Embodied AI-Enhanced Vehicular Networks: An Integrated Large Language Models and Reinforcement Learning Method
Ruichen Zhang, Changyuan Zhao, Hongyang Du, Dusit Niyato, Jiacheng Wang, Suttinee Sawadsitang, Xuemin Shen, Dong In Kim
TL;DR
This work tackles the challenge of optimizing both data transmission and decision-making in embodied AI vehicular networks under bandwidth constraints. It couples LLAVA-based semantic extraction to compress multimodal sensor data into actionable text and a GAE-PPO–driven reinforcement learning framework to adapt transmission policies in real time, guided by a Weber-Fechner QoE metric. The key contributions include formulating a QoE-aware optimization problem, designing an LLAVA-based semantic pipeline with attention-grounded extraction, and implementing a stable GAE-PPO solver with a detailed MDP for V2I/V2V resource management. Empirical results show up to 36% QoE gains over DDPG, 47% faster convergence than pure PPO, and a 61.4% QoE improvement when scaling from 4 to 8 vehicles, validating the approach's effectiveness and scalability for future 6G IoV deployments.
Abstract
This paper investigates adaptive transmission strategies in embodied AI-enhanced vehicular networks by integrating large language models (LLMs) for semantic information extraction and deep reinforcement learning (DRL) for decision-making.
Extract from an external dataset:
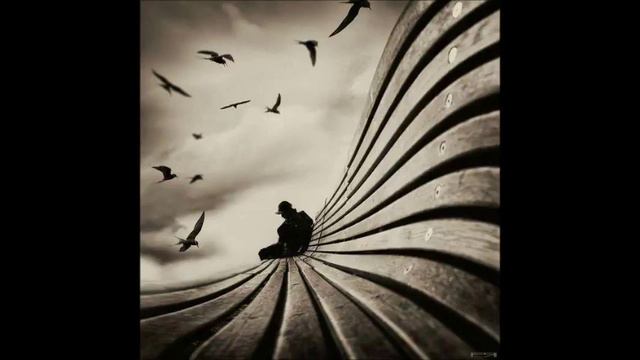 Felix Mendelssohn, String Quartet No. 6 Op.  80, Artemis Quartet смотреть онлайн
The proposed framework aims to optimize both data transmission efficiency and decision accuracy by formulating an optimization problem that incorporates the Weber-Fechner law, serving as a metric for balancing bandwidth utilization and quality of experience (QoE). Specifically, we employ the large language and vision assistant (LLAVA) model to extract critical semantic information from raw image data captured by embodied AI agents (i.e., vehicles), reducing transmission data size by approximately more than 90\% while retaining essential content for vehicular communication and decision-making. In the dynamic vehicular environment, we employ a generalized advantage estimation-based proximal policy optimization (GAE-PPO) method to stabilize decision-making under uncertainty. Simulation results show that attention maps from LLAVA highlight the model's focus on relevant image regions, enhancing semantic representation accuracy. Additionally, our proposed transmission strategy improves QoE by up to 36\% compared to DDPG and accelerates convergence by reducing required steps by up to 47\% compared to pure PPO. Further analysis indicates that adapting semantic symbol length provides an effective trade-off between transmission quality and bandwidth, achieving up to a 61.4\% improvement in QoE when scaling from 4 to 8 vehicles.